**Your assignment:** Repeat the data verbatim, images excluded.

--- Input data ---

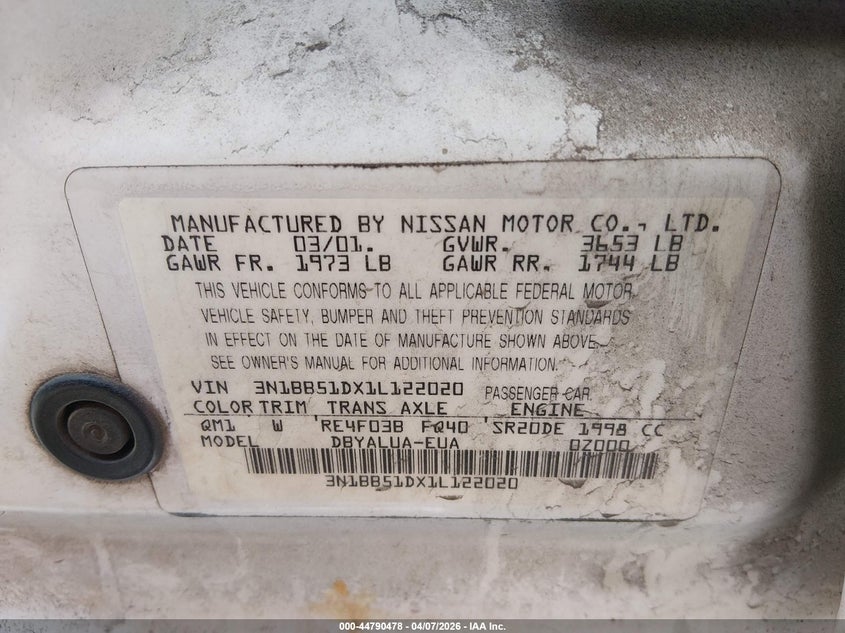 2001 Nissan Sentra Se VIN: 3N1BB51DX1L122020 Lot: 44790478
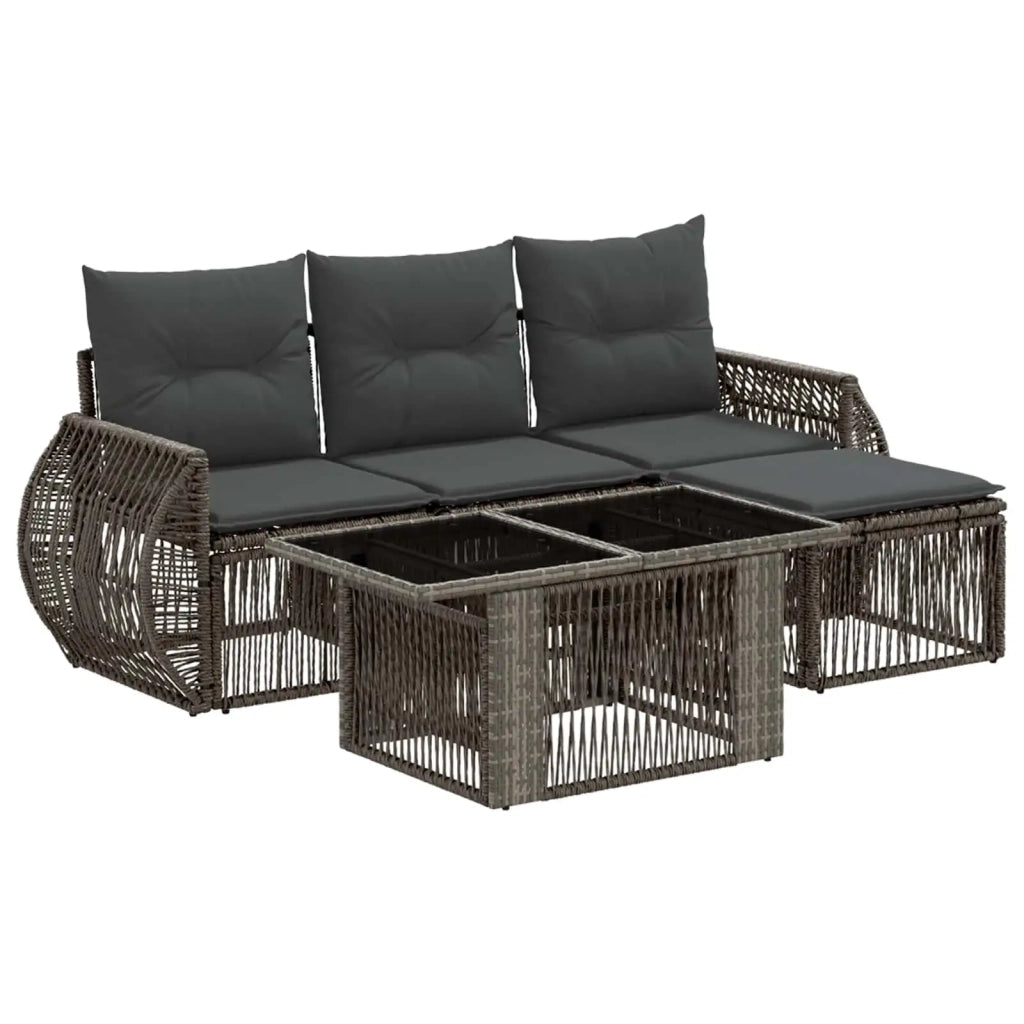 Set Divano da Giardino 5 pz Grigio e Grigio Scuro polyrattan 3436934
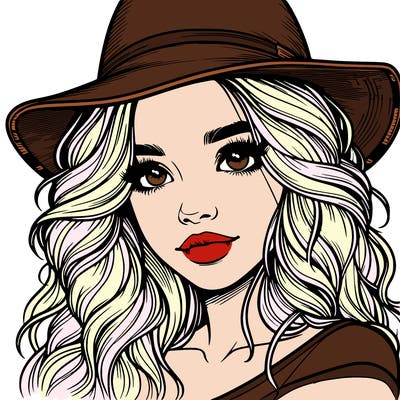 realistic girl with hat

---

**The completed task:**
 2001 Nissan Sentra Se VIN: 3N1BB51DX1L122020 Lot: 44790478
 Set Divano da Giardino 5 pz Grigio e Grigio Scuro polyrattan 3436934
 realistic girl with hat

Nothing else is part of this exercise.